Restate word for word the lines of the records below, starting at the line that contains "Tetrisly for Figma" and ending at the line that contains "رومیزی مدل مخمل طرح خطی کد 97\n", with both of those lines included and nothing else.

■ ■ ■ ■ ■

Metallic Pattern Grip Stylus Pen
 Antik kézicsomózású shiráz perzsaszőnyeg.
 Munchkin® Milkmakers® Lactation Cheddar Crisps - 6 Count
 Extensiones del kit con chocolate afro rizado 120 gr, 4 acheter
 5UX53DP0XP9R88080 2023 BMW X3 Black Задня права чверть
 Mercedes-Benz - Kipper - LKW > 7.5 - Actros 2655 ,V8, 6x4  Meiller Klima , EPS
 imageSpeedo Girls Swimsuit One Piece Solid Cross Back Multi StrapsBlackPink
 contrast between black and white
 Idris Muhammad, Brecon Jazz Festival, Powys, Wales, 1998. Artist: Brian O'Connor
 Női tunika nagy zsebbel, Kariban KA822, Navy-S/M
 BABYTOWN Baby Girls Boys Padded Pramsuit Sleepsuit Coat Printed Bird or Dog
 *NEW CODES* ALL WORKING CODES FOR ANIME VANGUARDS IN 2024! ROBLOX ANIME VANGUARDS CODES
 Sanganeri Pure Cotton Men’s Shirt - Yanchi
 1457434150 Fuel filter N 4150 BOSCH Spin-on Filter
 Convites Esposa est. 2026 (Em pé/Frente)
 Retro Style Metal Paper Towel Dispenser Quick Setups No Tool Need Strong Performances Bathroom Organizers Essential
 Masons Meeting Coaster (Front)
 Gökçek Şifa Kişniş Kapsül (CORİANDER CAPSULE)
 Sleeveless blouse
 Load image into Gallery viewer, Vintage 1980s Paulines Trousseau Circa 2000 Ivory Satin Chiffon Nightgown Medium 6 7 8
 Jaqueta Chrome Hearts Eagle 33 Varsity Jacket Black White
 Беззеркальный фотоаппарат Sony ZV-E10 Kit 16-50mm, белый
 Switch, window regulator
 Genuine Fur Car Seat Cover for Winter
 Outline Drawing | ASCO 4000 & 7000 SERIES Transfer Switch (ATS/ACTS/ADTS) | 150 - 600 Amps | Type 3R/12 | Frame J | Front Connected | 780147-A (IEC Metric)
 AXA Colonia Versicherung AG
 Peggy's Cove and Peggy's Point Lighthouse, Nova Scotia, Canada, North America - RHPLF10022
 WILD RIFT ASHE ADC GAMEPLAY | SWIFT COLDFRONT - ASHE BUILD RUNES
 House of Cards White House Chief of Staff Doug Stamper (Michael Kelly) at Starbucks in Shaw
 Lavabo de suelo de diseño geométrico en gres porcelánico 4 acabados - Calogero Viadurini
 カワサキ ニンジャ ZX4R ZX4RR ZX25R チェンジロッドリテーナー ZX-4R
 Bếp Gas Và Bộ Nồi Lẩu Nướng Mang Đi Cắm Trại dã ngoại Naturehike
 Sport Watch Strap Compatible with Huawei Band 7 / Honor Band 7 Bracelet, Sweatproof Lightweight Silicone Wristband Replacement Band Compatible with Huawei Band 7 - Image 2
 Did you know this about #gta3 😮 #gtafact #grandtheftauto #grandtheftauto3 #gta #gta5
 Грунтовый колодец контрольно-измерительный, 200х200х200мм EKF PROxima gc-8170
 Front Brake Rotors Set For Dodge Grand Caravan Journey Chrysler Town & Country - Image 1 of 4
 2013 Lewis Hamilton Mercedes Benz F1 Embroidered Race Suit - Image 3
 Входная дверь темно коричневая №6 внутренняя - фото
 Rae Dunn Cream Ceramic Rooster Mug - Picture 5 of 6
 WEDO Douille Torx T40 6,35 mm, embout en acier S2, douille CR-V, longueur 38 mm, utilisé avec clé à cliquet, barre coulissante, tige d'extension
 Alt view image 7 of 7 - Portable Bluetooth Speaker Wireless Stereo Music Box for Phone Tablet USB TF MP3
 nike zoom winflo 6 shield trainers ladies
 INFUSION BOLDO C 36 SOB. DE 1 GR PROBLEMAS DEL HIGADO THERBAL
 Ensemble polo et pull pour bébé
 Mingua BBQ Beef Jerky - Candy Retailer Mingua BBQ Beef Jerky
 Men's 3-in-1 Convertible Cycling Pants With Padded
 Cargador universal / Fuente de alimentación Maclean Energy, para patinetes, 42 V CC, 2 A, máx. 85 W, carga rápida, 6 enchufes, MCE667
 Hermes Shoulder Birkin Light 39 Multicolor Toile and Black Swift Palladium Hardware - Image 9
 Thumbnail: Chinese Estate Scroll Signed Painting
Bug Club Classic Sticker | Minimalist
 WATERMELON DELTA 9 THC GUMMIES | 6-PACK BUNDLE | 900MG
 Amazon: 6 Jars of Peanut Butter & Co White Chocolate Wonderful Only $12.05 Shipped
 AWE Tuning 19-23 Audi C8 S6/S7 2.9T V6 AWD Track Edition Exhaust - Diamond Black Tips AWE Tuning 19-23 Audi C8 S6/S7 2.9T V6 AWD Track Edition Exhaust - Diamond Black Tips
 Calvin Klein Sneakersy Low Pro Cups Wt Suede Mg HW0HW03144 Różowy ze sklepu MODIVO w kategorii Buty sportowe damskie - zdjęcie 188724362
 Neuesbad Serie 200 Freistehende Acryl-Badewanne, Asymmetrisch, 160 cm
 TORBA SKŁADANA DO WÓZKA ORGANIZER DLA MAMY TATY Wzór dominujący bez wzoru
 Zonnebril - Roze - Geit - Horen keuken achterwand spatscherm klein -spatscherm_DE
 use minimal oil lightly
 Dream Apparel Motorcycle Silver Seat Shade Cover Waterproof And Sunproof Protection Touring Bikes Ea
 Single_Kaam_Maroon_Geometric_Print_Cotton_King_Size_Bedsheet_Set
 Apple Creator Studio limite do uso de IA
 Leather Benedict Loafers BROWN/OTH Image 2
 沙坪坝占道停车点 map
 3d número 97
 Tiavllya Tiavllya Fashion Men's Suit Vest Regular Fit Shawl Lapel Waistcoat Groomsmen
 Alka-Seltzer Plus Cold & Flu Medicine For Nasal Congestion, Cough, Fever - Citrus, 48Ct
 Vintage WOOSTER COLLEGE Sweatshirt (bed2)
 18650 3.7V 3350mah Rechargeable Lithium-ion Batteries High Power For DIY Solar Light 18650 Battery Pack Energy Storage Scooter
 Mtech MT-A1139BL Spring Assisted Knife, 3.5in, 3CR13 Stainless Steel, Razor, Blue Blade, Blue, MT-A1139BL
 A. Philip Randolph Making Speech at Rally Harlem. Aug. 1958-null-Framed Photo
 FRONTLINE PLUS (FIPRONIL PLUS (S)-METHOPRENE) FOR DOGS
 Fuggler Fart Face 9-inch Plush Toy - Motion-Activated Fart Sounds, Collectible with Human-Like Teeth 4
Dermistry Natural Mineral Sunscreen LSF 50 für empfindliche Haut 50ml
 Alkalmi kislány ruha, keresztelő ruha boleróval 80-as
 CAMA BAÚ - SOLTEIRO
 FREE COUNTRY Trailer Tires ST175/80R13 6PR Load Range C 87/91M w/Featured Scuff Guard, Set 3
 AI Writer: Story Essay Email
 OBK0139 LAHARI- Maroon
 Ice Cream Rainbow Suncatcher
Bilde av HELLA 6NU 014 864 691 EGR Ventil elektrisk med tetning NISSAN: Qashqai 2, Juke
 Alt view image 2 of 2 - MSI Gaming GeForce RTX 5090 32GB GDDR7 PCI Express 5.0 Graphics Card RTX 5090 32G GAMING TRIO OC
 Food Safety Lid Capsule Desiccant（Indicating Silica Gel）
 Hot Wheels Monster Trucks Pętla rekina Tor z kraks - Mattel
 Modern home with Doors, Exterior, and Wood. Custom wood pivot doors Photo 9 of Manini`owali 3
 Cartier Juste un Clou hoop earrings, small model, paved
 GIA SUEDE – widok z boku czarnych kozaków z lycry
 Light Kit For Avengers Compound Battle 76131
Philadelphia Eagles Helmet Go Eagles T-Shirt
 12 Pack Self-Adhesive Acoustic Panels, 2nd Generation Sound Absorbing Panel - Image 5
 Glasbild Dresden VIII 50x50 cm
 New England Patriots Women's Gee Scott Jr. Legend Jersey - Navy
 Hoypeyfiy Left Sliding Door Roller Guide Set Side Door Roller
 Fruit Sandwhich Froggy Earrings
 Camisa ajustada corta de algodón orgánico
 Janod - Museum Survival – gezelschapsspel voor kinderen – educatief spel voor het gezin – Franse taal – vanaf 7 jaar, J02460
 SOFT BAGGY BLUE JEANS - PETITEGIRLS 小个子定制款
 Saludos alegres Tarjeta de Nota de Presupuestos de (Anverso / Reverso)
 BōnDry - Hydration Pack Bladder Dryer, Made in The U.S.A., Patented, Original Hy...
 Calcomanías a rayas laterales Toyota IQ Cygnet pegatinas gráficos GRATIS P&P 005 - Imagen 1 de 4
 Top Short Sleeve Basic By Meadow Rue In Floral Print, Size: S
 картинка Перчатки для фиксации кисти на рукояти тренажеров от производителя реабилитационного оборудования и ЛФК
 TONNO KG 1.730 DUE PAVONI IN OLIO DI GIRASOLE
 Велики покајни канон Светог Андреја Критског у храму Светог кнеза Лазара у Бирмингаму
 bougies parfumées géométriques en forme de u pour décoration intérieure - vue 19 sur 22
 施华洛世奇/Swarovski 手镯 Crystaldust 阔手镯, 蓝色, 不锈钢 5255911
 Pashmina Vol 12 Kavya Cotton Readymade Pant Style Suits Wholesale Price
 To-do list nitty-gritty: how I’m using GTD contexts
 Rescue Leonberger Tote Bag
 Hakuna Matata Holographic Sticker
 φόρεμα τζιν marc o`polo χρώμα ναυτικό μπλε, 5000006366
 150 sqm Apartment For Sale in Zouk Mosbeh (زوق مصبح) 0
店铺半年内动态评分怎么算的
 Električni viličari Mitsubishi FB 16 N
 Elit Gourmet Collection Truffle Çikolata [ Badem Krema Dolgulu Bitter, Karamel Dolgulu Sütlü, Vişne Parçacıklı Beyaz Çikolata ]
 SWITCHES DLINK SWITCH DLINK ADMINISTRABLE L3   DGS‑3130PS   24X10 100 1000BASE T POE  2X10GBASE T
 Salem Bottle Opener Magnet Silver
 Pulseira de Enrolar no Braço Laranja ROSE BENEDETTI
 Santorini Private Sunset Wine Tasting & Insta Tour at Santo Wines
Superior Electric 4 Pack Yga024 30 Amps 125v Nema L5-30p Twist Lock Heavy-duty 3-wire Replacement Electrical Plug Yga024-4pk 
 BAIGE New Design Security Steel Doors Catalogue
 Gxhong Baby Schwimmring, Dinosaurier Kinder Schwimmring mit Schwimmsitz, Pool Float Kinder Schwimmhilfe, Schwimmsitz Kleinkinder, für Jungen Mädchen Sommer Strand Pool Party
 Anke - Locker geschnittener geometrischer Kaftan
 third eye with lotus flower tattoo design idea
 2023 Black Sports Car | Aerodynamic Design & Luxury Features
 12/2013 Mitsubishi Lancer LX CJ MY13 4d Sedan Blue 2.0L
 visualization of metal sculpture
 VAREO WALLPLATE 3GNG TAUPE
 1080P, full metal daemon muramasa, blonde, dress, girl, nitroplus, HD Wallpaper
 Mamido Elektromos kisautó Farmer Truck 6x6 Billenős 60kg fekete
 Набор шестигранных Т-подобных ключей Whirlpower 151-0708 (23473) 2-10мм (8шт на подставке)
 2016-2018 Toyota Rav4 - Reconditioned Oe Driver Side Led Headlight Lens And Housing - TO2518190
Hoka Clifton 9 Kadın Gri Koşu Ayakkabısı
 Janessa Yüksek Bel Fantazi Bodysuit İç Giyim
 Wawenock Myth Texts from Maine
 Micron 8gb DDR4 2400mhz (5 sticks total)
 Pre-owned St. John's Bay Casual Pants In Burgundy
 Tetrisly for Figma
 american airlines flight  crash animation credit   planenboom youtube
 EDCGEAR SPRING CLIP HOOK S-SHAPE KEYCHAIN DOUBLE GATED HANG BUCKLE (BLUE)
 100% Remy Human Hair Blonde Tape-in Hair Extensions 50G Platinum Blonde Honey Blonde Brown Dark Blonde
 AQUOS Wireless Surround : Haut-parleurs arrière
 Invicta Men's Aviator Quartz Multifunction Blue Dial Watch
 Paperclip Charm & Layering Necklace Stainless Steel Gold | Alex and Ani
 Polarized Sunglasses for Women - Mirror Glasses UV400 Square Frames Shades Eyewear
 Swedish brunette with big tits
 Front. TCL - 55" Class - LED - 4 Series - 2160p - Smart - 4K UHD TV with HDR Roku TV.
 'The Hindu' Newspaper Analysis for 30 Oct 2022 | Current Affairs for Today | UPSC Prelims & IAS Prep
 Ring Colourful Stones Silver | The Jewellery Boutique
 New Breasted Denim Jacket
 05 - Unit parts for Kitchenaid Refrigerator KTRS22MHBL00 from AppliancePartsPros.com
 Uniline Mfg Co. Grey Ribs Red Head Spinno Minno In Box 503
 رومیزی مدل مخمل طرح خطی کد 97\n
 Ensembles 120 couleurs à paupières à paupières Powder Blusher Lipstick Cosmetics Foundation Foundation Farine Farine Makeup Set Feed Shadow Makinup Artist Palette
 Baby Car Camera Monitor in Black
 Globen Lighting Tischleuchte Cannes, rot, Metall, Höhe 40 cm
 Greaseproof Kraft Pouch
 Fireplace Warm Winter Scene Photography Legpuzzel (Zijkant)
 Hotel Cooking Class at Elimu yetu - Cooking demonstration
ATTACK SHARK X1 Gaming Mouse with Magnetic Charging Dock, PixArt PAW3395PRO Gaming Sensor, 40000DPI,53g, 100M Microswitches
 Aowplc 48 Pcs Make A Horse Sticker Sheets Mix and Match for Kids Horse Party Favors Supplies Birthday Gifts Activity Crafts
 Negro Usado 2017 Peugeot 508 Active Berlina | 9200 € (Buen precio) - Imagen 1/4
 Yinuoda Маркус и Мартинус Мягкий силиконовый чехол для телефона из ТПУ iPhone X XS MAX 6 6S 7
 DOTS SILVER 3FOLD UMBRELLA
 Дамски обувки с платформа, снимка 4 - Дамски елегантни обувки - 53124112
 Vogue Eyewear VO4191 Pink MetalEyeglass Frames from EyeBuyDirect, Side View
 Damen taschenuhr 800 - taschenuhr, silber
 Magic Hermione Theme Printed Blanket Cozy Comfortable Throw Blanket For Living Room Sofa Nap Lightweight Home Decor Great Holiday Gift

■ ■ ■ ■ ■

## TASK ANSWER
 Tetrisly for Figma
 american airlines flight  crash animation credit   planenboom youtube
 EDCGEAR SPRING CLIP HOOK S-SHAPE KEYCHAIN DOUBLE GATED HANG BUCKLE (BLUE)
 100% Remy Human Hair Blonde Tape-in Hair Extensions 50G Platinum Blonde Honey Blonde Brown Dark Blonde
 AQUOS Wireless Surround : Haut-parleurs arrière
 Invicta Men's Aviator Quartz Multifunction Blue Dial Watch
 Paperclip Charm & Layering Necklace Stainless Steel Gold | Alex and Ani
 Polarized Sunglasses for Women - Mirror Glasses UV400 Square Frames Shades Eyewear
 Swedish brunette with big tits
 Front. TCL - 55" Class - LED - 4 Series - 2160p - Smart - 4K UHD TV with HDR Roku TV.
 'The Hindu' Newspaper Analysis for 30 Oct 2022 | Current Affairs for Today | UPSC Prelims & IAS Prep
 Ring Colourful Stones Silver | The Jewellery Boutique
 New Breasted Denim Jacket
 05 - Unit parts for Kitchenaid Refrigerator KTRS22MHBL00 from AppliancePartsPros.com
 Uniline Mfg Co. Grey Ribs Red Head Spinno Minno In Box 503
 رومیزی مدل مخمل طرح خطی کد 97\n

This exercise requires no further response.